检察机关在审查起诉,人民法院在作出刑事判决时,应当对其证明的案件事实、证明力、据以认定的根据进行审查,如有相反证据证明认定有误的应当不予采信,对事实另行认定。对于在认定书中将交通肇事逃逸作为认定行为人负全部责任或者主要责任依据的,检察机关、人民法院应对排除交通肇事逃逸情节后行为人是否应付全部责任或者主要责任作出认定,可以要求公安机关作出补充认定或说明,必要情形下可以对交通事故的发生原因及行为人应负的责任进行鉴定。
(一)罪与非罪的认定中重复评价的避免
《解释》在第二条第二款规定“交通肇事致一人以上重伤,负事故全部或者主要责任,并具有下列情形之一的,以交通肇事罪定罪处罚:(一)酒后、吸食毒品后驾驶机动车辆的;(二)无驾驶资格驾驶机动车辆的;(三)明知是安全装置不全或者安全机件失灵的机动车辆而驾驶的;(四)明知是无牌证或者已报废的机动车辆而驾驶的;(五)严重超载驾驶的;(六)为逃避法律追究逃离事故现场的。”并在第三条将交通肇事逃逸规定为:“‘交通运输肇事后逃逸’,是指行为人具有本解释第二条第一款规定和第二款第(一)至(五)项规定的情形之一,在发生交通事故后,为逃避法律追究而逃跑的行为。”

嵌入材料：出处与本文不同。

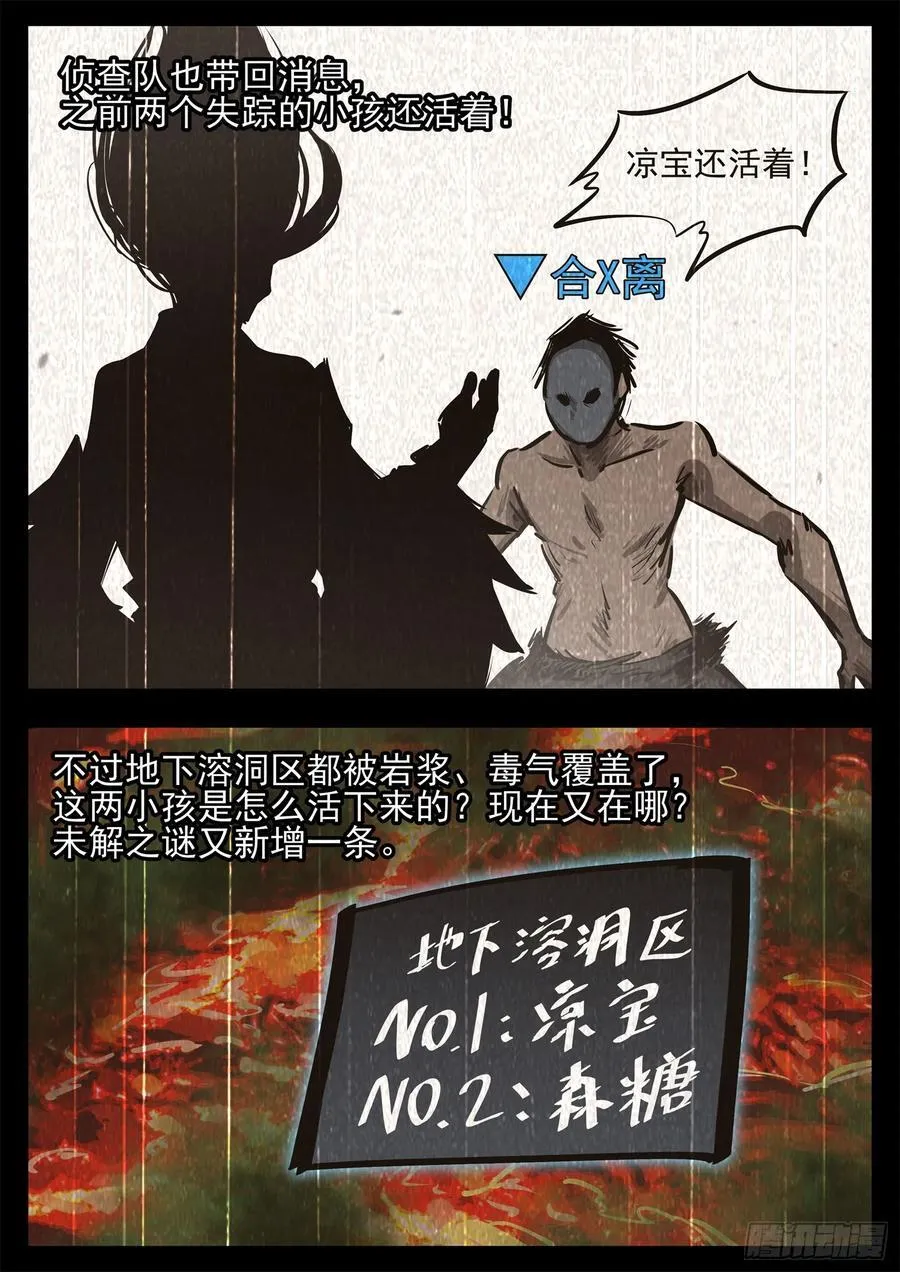 第二百八十四章 狼公主日记22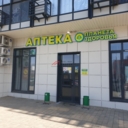 Продажа помещения с аптекой Планета Здоровья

在现实中,公安机关往往把交通肇事致一人以上重伤,交通事故认定书认定负事故全部或者主要责任,并具有《解释》第二条第二款规定情形的交通肇事行为作为刑事案件移送检察机关审查起诉,笔者认为,对这些案件一概作为刑事案件处理不符合本款解释的宗旨,特别是在某些情况下犯了重复评价交通肇事逃逸的错误。

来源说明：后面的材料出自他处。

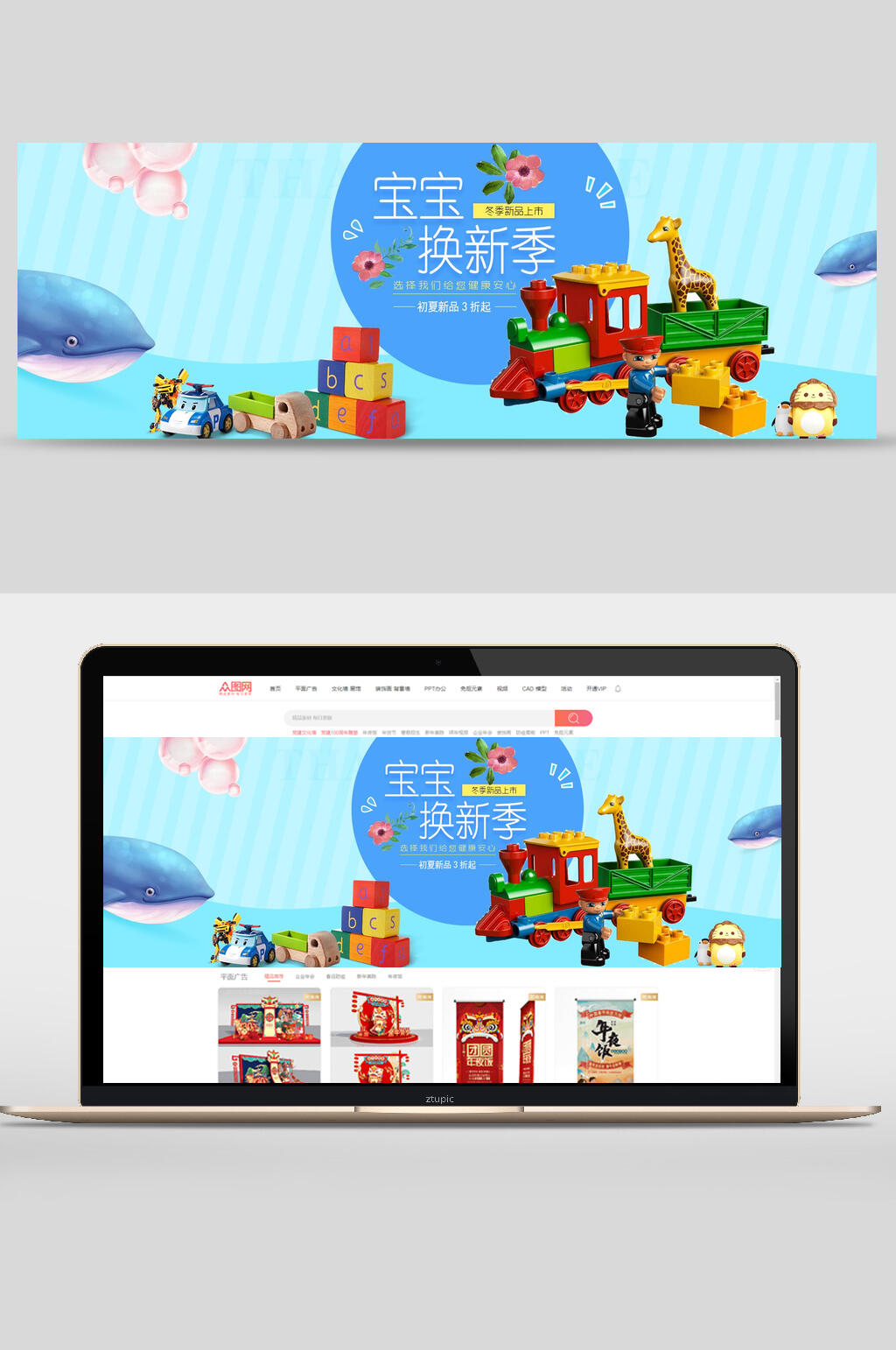 宝宝焕新季母婴用品banner素材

首先,刑事司法中交通事故责任的认定与公安机关对交通事故责任的认定在认定宗旨、依据方面存在一定差异,交通肇事逃逸在是否构成犯罪中应单独进行评价,而在交通事故认定书中对交通肇事后逃逸并不进行单独评价。根据《道路交通安全法》、《道路交通安全法实施条例》等法律、行政法规的规定,从认定的宗旨上看,公安机关的认定主要是为行政处罚提供依据,主要的价值追求是履行交通行政管理职能,在为刑事犯罪的追究及民事赔偿的进行方面主要职能是提供事实认证;从认定的依据上看,公安机关交通管理部门认定交通事故的责任有两个因素,即行为人对交通事故所起的作用和过错的严重程度,同时也规定了在一定情形下的推定责任,交通肇事逃逸就是责任推定的主要依据,《道路交通安全法实施条例》条例第九十二条规定:“发生交通事故后当事人逃逸的,逃逸的当事人承担全部责任。但是,有证据证明对方当事人也有过错的,可以减轻责任。当事人故意破坏、伪造现尝毁灭证据的,承担全部责任。”该规定即是为督促肇事者积极履行抢救伤者、保护现场,接受处理而作出的推定。而在刑事司法中推定责任是被严格限制的,责任的认定必须具有相应的事实及证据基础,不能对所有具有交通肇事逃逸情节的交通肇事行为都一概认定为应负全部或者主要责任。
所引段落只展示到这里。